Lässt sich im BIOS deaktivieren, mußt mal schauen wo. Sollte eine Einstellung sein die etwas mit "SMT" im Namen trägt.


----------



## ncgimp (19. Juni 2010)

mh ich finde da nichts. hat wer eine genauere beschreibung?

ich habe folgendes mainboard: Asus P7P55D-E


----------



## Arosk (19. Juni 2010)

> SMT oder auch Hypertreading kann man nur im Bios ausschalten. Die entsprechende Option findest du im Advanced Chipset Features.


----------



## ncgimp (19. Juni 2010)

ok ich schau mal 


			Dieser Inhalt steht nur eingeloggten Mitgliedern zur Verfügung.


----------



## Sam_Fischer (19. Juni 2010)

da frag ich mich wie so man sich dann so teuren CPU kauft?
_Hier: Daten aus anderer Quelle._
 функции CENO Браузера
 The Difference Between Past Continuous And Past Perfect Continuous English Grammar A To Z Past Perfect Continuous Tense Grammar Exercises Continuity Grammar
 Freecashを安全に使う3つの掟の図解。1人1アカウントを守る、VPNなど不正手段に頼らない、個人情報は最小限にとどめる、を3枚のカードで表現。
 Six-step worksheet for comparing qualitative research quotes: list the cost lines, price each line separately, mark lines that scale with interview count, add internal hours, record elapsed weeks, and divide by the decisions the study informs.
O.o 

kann man sich ja gleich i5 kaufen. 


			Dieser Inhalt steht nur eingeloggten Mitgliedern zur Verfügung.


----------



## ncgimp (20. Juni 2010)

gute frage. ich weiß ja nicht wieso aber mein kollege meinte wenn ich die ausschalte kann ich besser zocken... ? 

edit: stimmt das?


----------



## WR^Velvet (20. Juni 2010)

Wird dein Skill garantiert nicht verbessern. 
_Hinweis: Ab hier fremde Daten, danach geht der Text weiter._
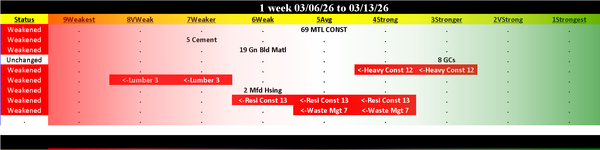 Materials & Construction Industry Fri 2026-03-13: Weakened/0 (5Average)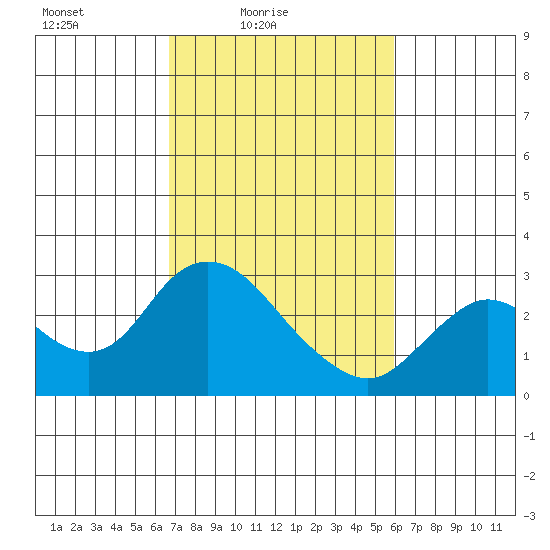 Davis Slough tide chart for Sunday, February 26, 2023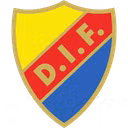 Djurgardens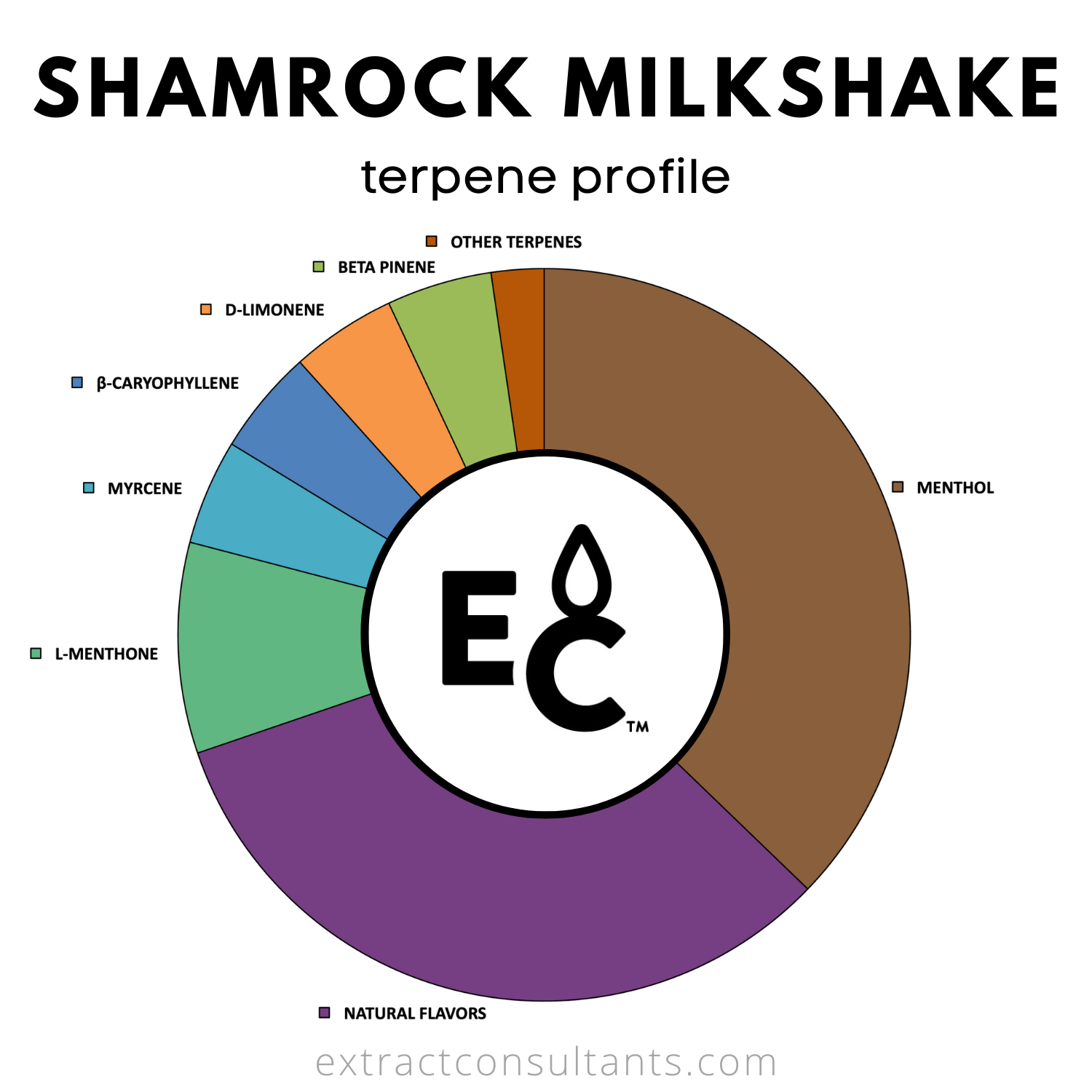 Shamrock Milkshake Solvent Free Terpene Flavor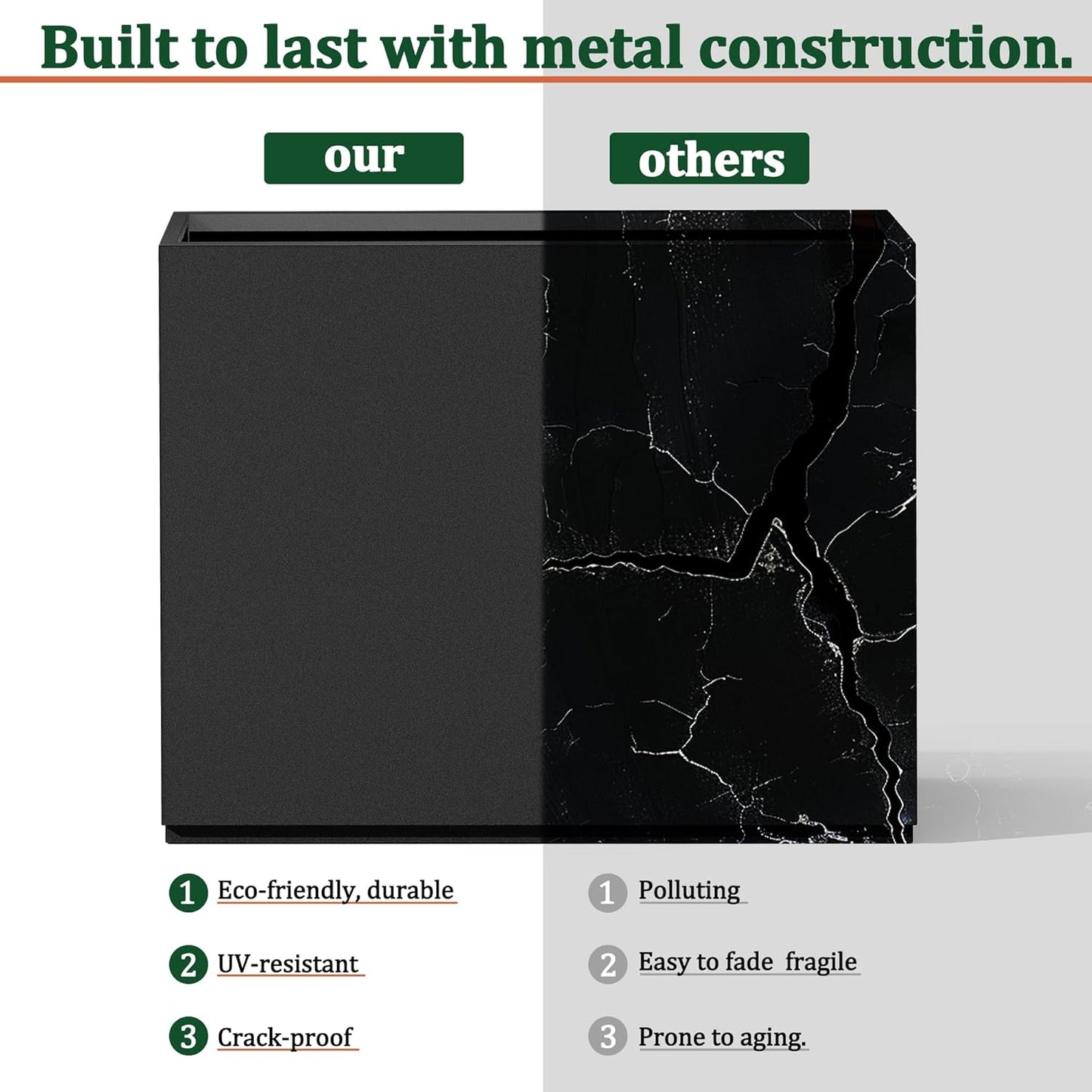 Large Rectangle Planter Metal Black Planter Box with a Drainage Hole and a Removable Divider Indoor Outdoor Porch Pots for Tall Plants, Trees, Flowers 32.01" x 10"x 16.26" Black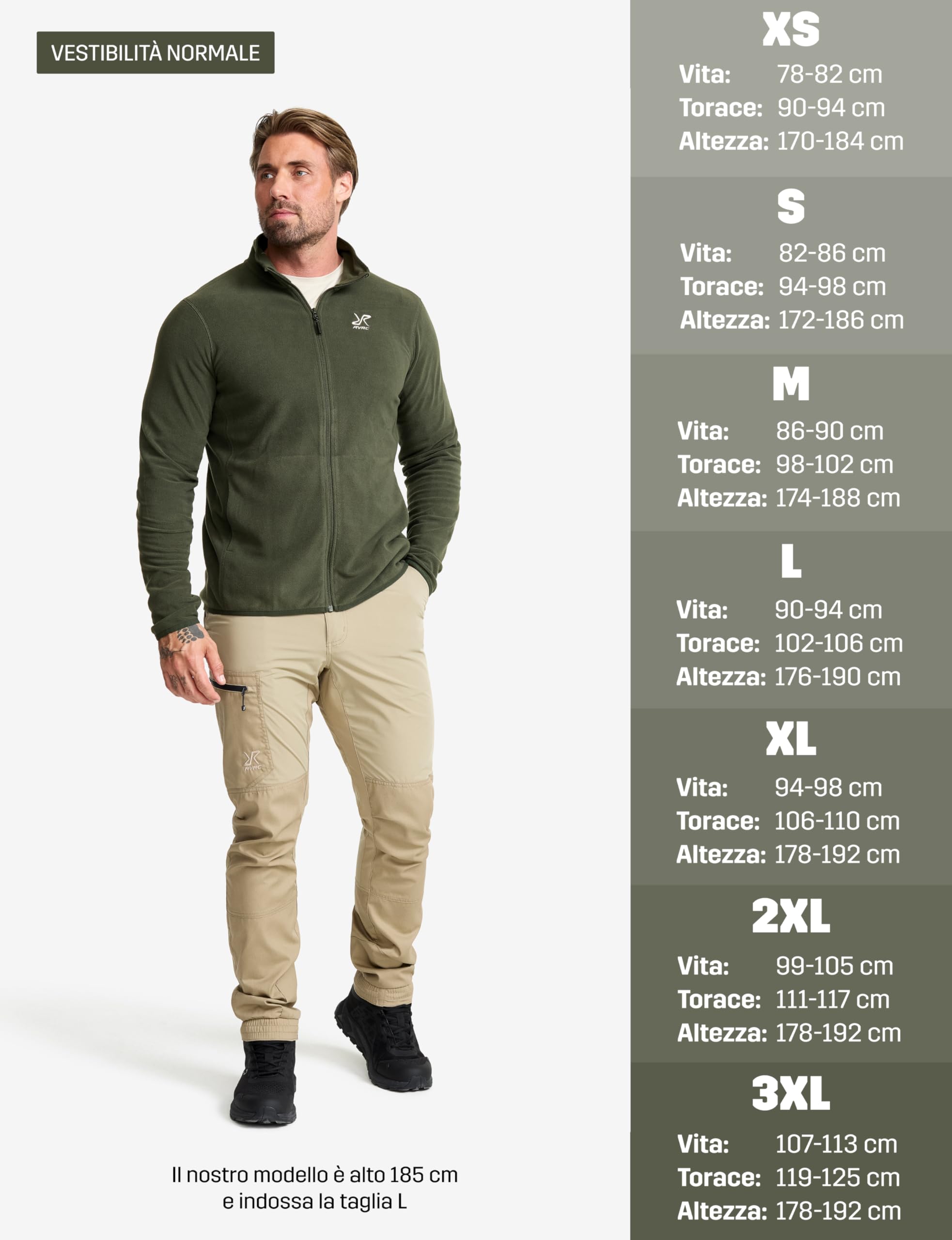 RevolutionRace Hiker Full-Zip Fleece da Uomo, Giacca in Pile Strato Leggero e Traspiranteda Esterno Perfetta per l'escursionismo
			Dieser Inhalt steht nur eingeloggten Mitgliedern zur Verfügung.


----------



## Palimbula (20. Juni 2010)

Besser zocken bestimmt nicht, aber die Chance ist groß dass die Spiele flüssiger laufen 


			Dieser Inhalt steht nur eingeloggten Mitgliedern zur Verfügung.
        

 In einer der letzten pcgameshardware war ein Artikel zu dem Thema drin.


----------



## Xelyna* (20. Juni 2010)

Kommt drauf an welches Betriebssystem du hast.

Windows 7 kann virtuelle von echten kernen unterscheiden, spiele werden bei windows 7 auch nur noch auf die echten kerne gelegt, somit hast du keinerlei vorteile wenn du sie bei spielen ausschaltest, eher nachteile weil er die anderen prozesse auch auf die echten  legt und eben nicht auf die Virtuellen.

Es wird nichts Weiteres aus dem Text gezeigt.